* **Try it**
Only those lines in the data below from the line containing "Manuscrit SOCIÉTÉ LINÉENNE de BORDEAUX -..." through the line containing "Chey Solid Shampoo", both included, should be restated word for word.
[[ Data for this task open ]]
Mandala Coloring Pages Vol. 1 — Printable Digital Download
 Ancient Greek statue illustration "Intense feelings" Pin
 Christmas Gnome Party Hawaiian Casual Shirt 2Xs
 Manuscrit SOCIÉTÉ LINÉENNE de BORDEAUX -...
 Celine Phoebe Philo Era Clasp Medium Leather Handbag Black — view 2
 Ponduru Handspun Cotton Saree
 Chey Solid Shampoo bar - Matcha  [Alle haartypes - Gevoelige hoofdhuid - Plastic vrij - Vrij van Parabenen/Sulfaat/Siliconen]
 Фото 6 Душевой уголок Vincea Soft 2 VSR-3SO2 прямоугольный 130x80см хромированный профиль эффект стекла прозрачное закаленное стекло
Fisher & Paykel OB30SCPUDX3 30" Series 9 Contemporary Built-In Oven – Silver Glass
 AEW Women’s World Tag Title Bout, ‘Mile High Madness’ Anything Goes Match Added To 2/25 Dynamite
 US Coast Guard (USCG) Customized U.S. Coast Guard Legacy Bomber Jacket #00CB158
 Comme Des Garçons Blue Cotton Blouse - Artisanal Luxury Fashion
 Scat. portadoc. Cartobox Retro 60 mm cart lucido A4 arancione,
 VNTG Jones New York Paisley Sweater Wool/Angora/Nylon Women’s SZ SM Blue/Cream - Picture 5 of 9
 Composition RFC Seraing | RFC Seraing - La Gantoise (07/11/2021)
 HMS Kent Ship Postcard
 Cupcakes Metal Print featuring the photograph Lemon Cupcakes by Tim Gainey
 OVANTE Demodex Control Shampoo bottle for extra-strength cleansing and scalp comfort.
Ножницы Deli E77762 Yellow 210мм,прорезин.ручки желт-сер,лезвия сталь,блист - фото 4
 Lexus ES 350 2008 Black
[[ Data for this task closed ]]
* **Expected answer**
 Manuscrit SOCIÉTÉ LINÉENNE de BORDEAUX -...
 Celine Phoebe Philo Era Clasp Medium Leather Handbag Black — view 2
 Ponduru Handspun Cotton Saree
 Chey Solid Shampoo bar - Matcha  [Alle haartypes - Gevoelige hoofdhuid - Plastic vrij - Vrij van Parabenen/Sulfaat/Siliconen]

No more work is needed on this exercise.